Pemerintah Jepang menyelenggarakan upacara kenegaraan saat memakamkan mendiang Shinzo Abe pada 27 September 2022. Mantan perdana menteri yang tewas ditembak saat berpidato itu dimakamkan secara megah di Ibu Kota Tokyo, namun memicu banyak kecaman dari warga. Penduduk Jepang terbelah, ada yang menganggap upacara itu wajar, namun sebagian menganggapnya terlalu memboroskan anggaran.
Untuk pertama kalinya dalam 55 tahun terakhir, pemerintah Jepang menggelar pemakaman kenegaraan.
Di luar area pemakaman, muncul dua kubu. Sebagian adalah warga yang mengantre untuk meletakkan bunga mengenang Abe, sementara diperkirakan ribuan orang menggelar unjuk rasa memprotes acara yang dianggap bermewah-mewahan itu.
Ongkos upacara kenegaraan untuk melepas mendiang Abe dilaporkan mencapai 1,7 miliar Yen (setara Rp185 miliar), mencakup prosesi tembakan salvo 19 prajurit. Protes tidak hanya berlangsung di tengah acara pemakaman. Beberapa politikus partai oposisi menggelar boikot dengan menolak datang. Ada pula seorang lansia berusia 70-an membakar diri untuk memprotes mahalnya biaya pemakaman Abe.
“Saya benar-benar tidak menyangka karena kabinet ini ngotot menggelar upacara pemakaman semewah ini tanpa meminta persetujuan parlemen,” ujar Kaoru Kinoshita, warga Tokyo yang ikut dalam demonstrasi menolak pemakaman megah Abe saat diwawancarai VICE World news. “Saya meyakini setiap rencana membelanjakan uang pajak rakyat harus disampaikan ke wakil kami di parlemen.”
Jajak pendapat yang digelar oleh surat kabar Mainichi Shimbun menunjukkan mayoritas responden menolak upacara kenegaraan yang terlalu mahal. Alasannya, kondisi perekonomian Jepang sedang tidak baik dan seharusnya dana sebesar itu bisa digunakan untuk kebijakan yang lebih mendesak bagi kemaslahatan masyarakat.
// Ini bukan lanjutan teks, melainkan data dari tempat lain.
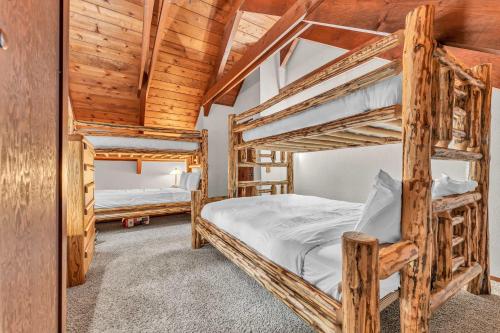 a bedroom with two bunk beds in a cabin at Kings Beach Cabin Private Hot Tub, Near Lake & Ski in Kings Beach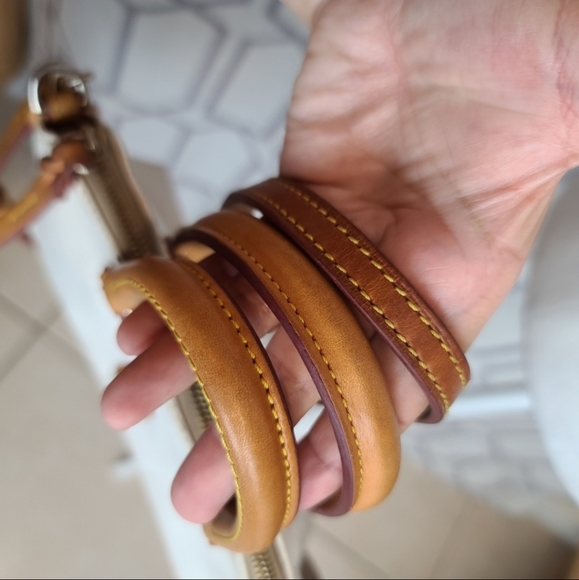 Dooney and Bourke white leather bag - Picture 6 of 14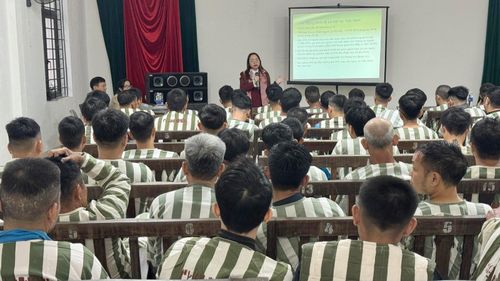 Ngày 25-12-2025, Trại Tạm giam Công an tỉnh Nghệ An đã phối hợp với Bệnh viện Phổi Nghệ An tổ chức tuyên truyền, phổ biến kiến thức phòng, chống bệnh lao.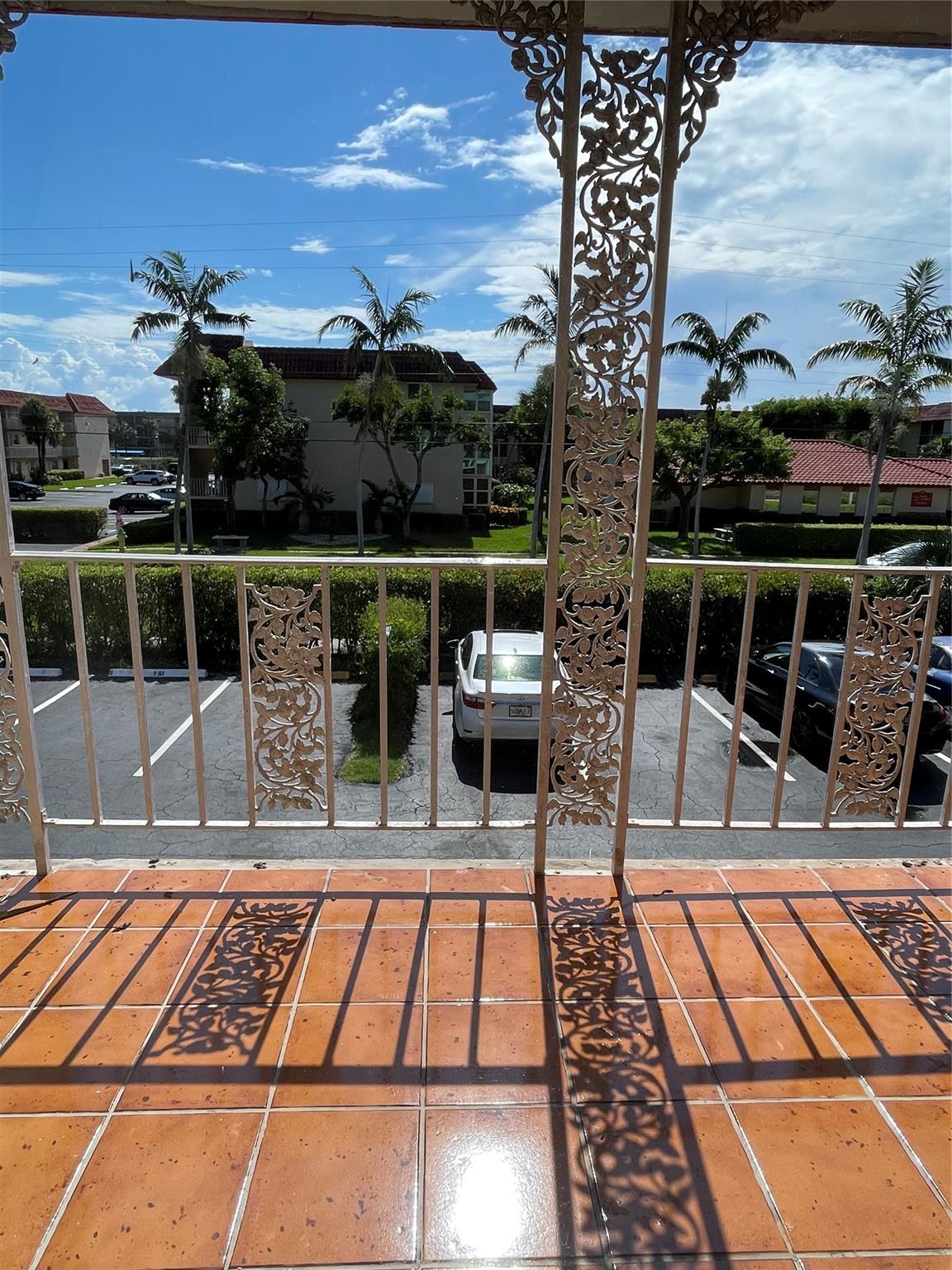 555 SE 8th st Unit: 251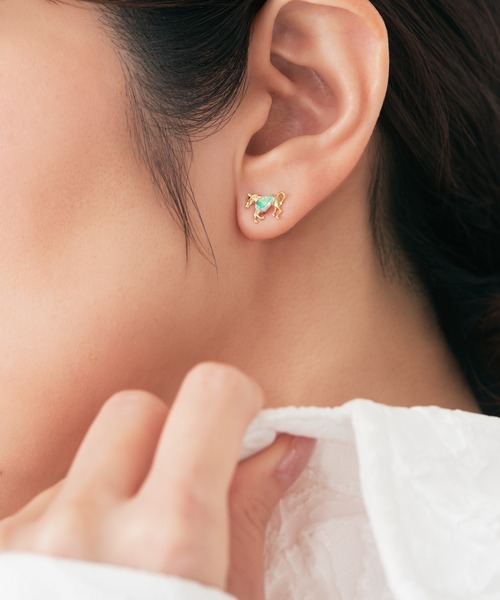 Jewel closet by L&Co.(ジュエルクローゼットバイエルアンドコー)の「K10 馬/ホース カラーストーン ピアス(オパール)(ピアス(両耳用)・レディース・イエローゴールド・FREE)」の4枚目の写真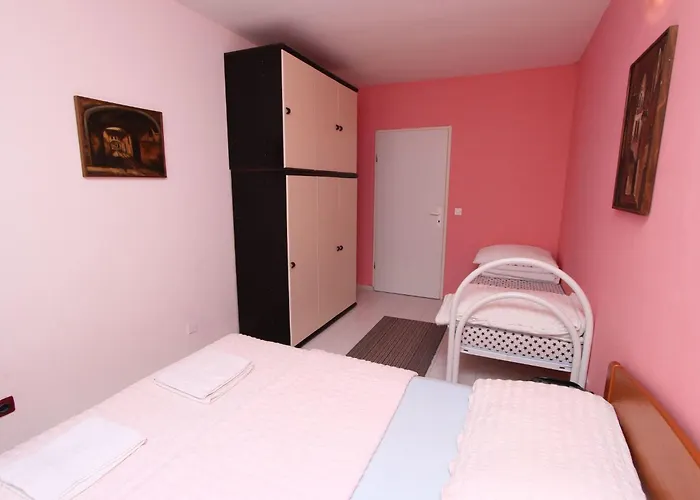 2 By Interhome * Rovinj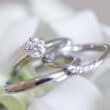 ダイヤの結婚指輪（フリー写真）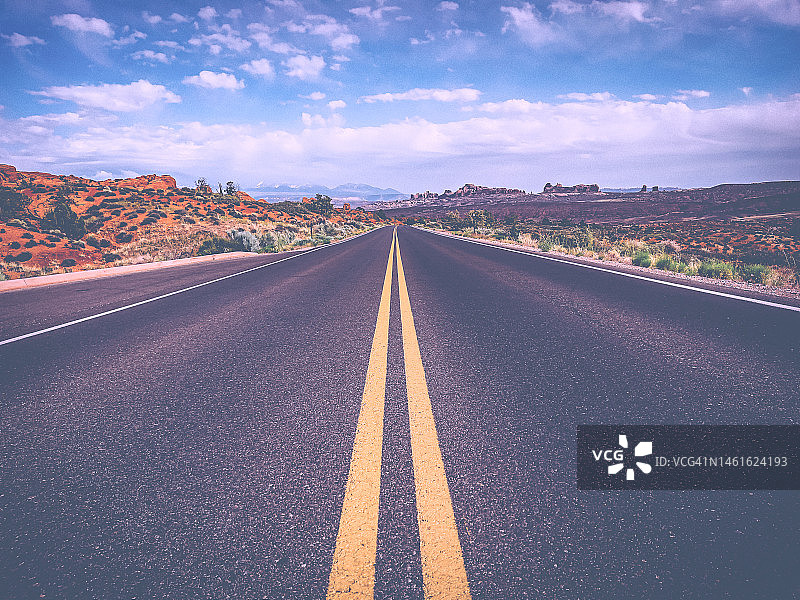 俯视沙漠中的道路图片素材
Faktor lain yang membuat citra Abe tidak terlalu positif, bahkan setelah dia meninggal, adalah karena dia terbukti memiliki hubungan dengan Gereja Unifikasi. Tetsuya Yamagami, yang menembak Abe saat berpidato di pinggir jalan kota Nara pada Juli lalu, mengaku sebenarnya mengincar petinggi Gereja Unifikasi. Lelaki berusia 41 tahun itu mengaku ingin membunuh Hak Ja Han, istri mendiang pendiri Gereja Unifikasi asal Korea Selatan. Tetsuya sudah lama membenci gereja yang telah membuat ibunya bangkrut. Namun, sulit baginya untuk membalas dendam langsung ke petinggi gereja, sehingga Yamagami melampiaskannya kepada Abe, yang ia yakini memiliki hubungan dengan gereja.
Awal September ini, Partai Liberal Demokratik Jepang, yang menaungi Abe maupun Perdana Menteri Jepang saat ini, Fumio Kishida, mengakui bahwa 179 anggotanya di parlemen, dari total 379 orang, pernah berinteraksi dengan gereja Unifikasi. Hal ini memicu kecaman masyarakat. Bahkan popularitas Kishida anjlok hingga titik terendah sejak menjabat merujuk data Nikkei, karena sang PM mengakui pernah menghadiri undangan Gereja Unifikasi.
Tadao Miyagi, penduduk Tokyo berusia 68 tahun, menganggap pemerintah tidak selayaknya menggelar upacara kenegaraan untuk mendiang politikus yang punya hubungan dengan aliran keagamaan yang merugikan masyarakat. Gereja unifikasi terkenal sering menjerat anggotanya agar menyetorkan dana besar dengan dalih meningkatkan keimanan.
“Gereja itu adalah kelompok keagamaan yang buruk citranya,” ujar Miyagi saat diwawancarai VICE. “Jika pemerintahan Kishida ngotot menggelar upacara megah saat menguburkan Abe, maka seharusnya minta saja duitnya ke gereja unifikasi, jangan pakai uang pembayar pajak.”
PM Kishida sendiri sudah meminta maaf secara terbuka pada masyarakat, karena anggota partai liberal demokratik banyak yang memiliki hubungan serta menerima donasi dari gereja unifikasi. Meski banyak penolakan, acara pemakaman berlangsung lancar, dihadiri oleh lebih dari 190 tamu penting berbagai negara, mencakup PM India Narendra Modi, PM Australia Anthony Albanese, serta Wapres Amerika Serikat Kamala Harris.